I made a reminder application that heavily writes and reads records with future datetimes, but less on records with past datetimes. These reminders are indexed by remind_at
, so a million of records means a million on the index, but speeds up checking records that must be reminded in the next hour.
| uuid | user_id | text | remind_at | ... | ... | ... |
| ------- | ------- | ------------ | ------------------- | --- | --- | --- |
| 45c1... | 23 | Buy paint | 2019-01-01 20:00:00 | ... | ... | ... |
| 23f1... | 924 | Pick up car | 2019-02-01 20:00:00 | ... | ... | ... |
| 2d84... | 650 | Call mom | 2020-03-01 20:00:00 | ... | ... | ... |
| 3f1a... | 81 | Get shoes | 2020-04-01 20:00:00 | ... | ... | ... |
The problem is performance. Once the database grows big, retrieving any record becomes relatively slow.
I'm trying to check what RDBMS offer a full or semi automated way allow better performance retrieving future datetimes, since past datetimes are rarely retrieved or checked.
A neat solution that I don't know if exist would be to instruct the RDBM to prune old entries from the index. I don't know if any RDBM allows that, but in PostgreSQL, SQL Server, and SQLite there is a way to use a "partial index", but what would happen if I **recreate an index on a table with millions of records?
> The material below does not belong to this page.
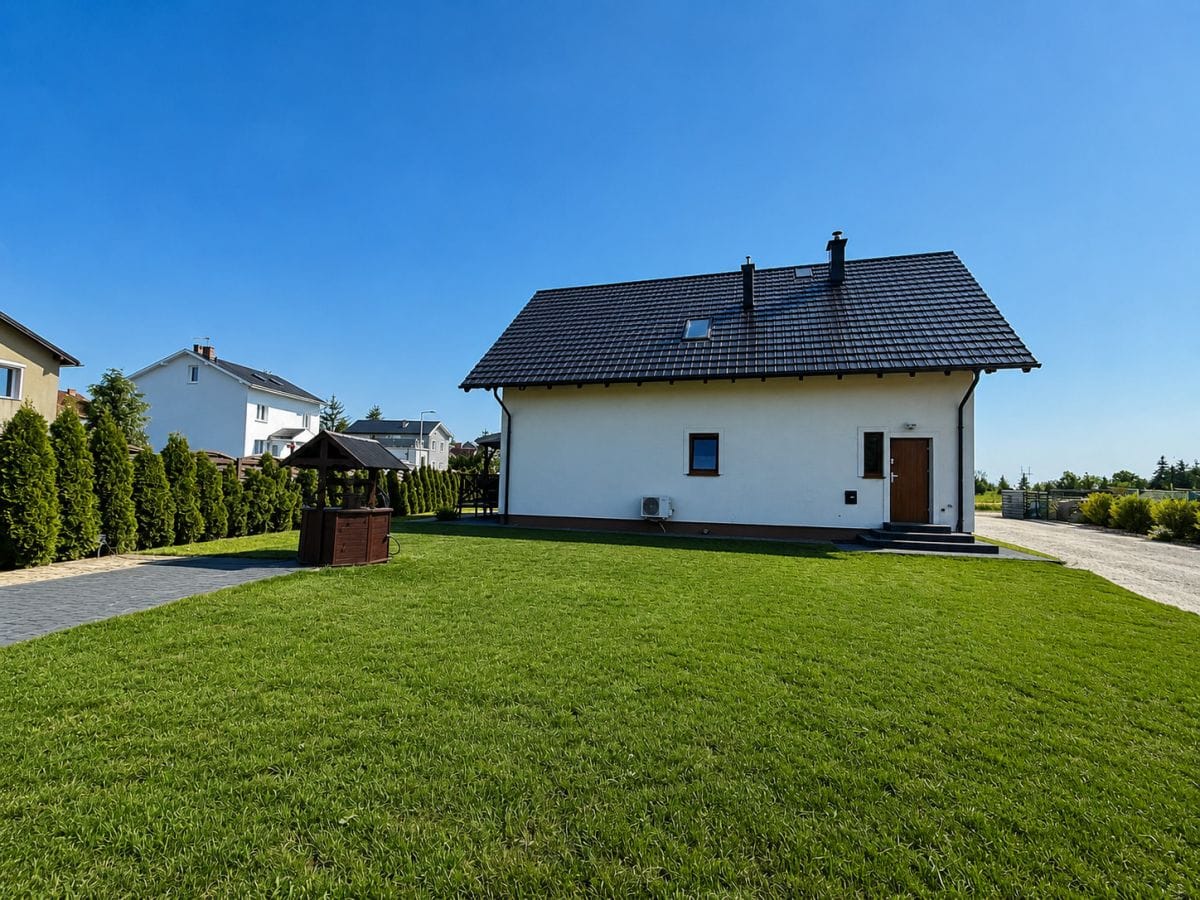 Dom 5 pokojowe na Sprzedaż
Some solutions that didn't fit the bill:
- Horizontal scaling: It would replicate the same problem,
(n)
number of times. - Vertical scaling: still doesn't fix the problem.
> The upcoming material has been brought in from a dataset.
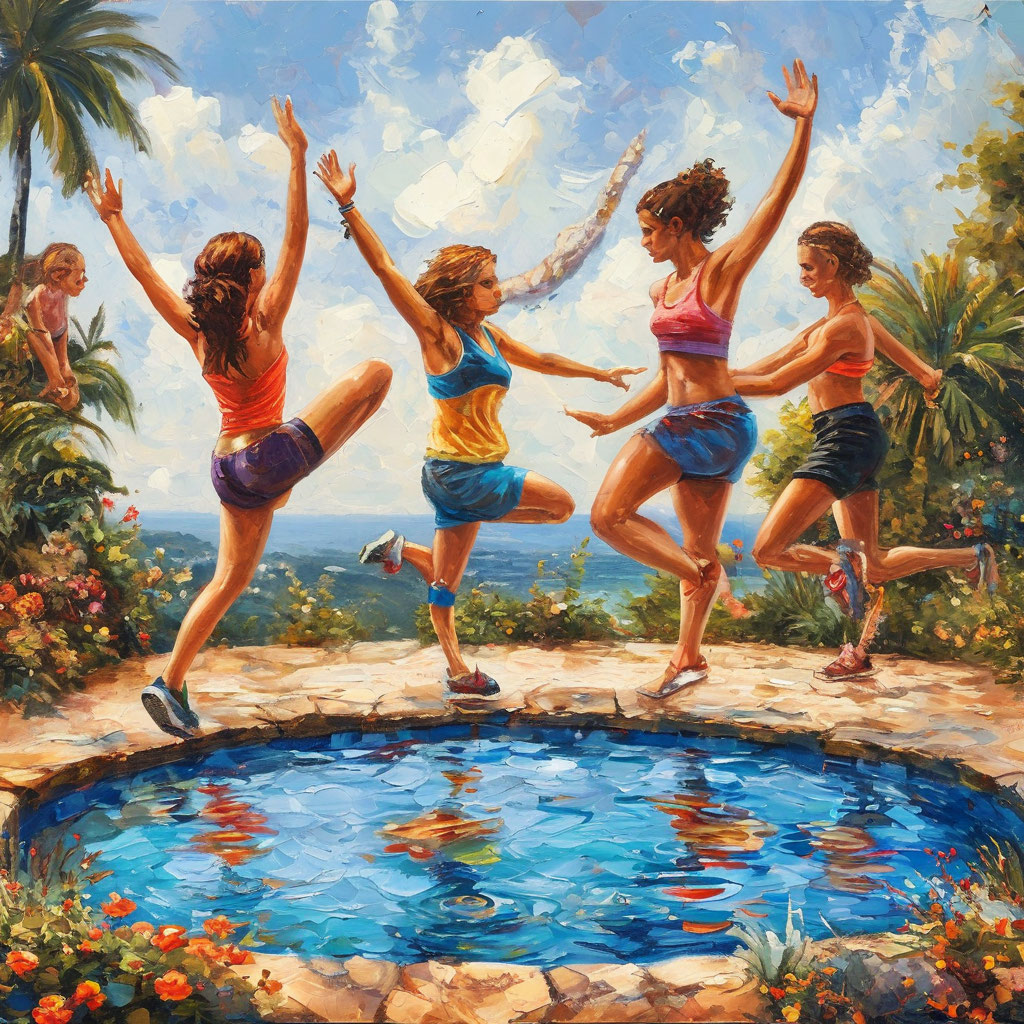 Топ-5 видов спорта для улучшения здоровья и настроения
- Sharding: Could be, since every instance would hold a part of the database, but the app will have to handle the "sharding key".
- Two databases: Okay, one fast and other slow. Moving old entries to the "slow instance" (toaster) would be done manually. Also, the app would have to be heavily modified to check both databases since it doesn't know where it is initially. Logic increases heavily.
Anyway, the whole point is to make future (or the closest) records to remind snappier on retrieval while disregarding the performance to retrieve older entries.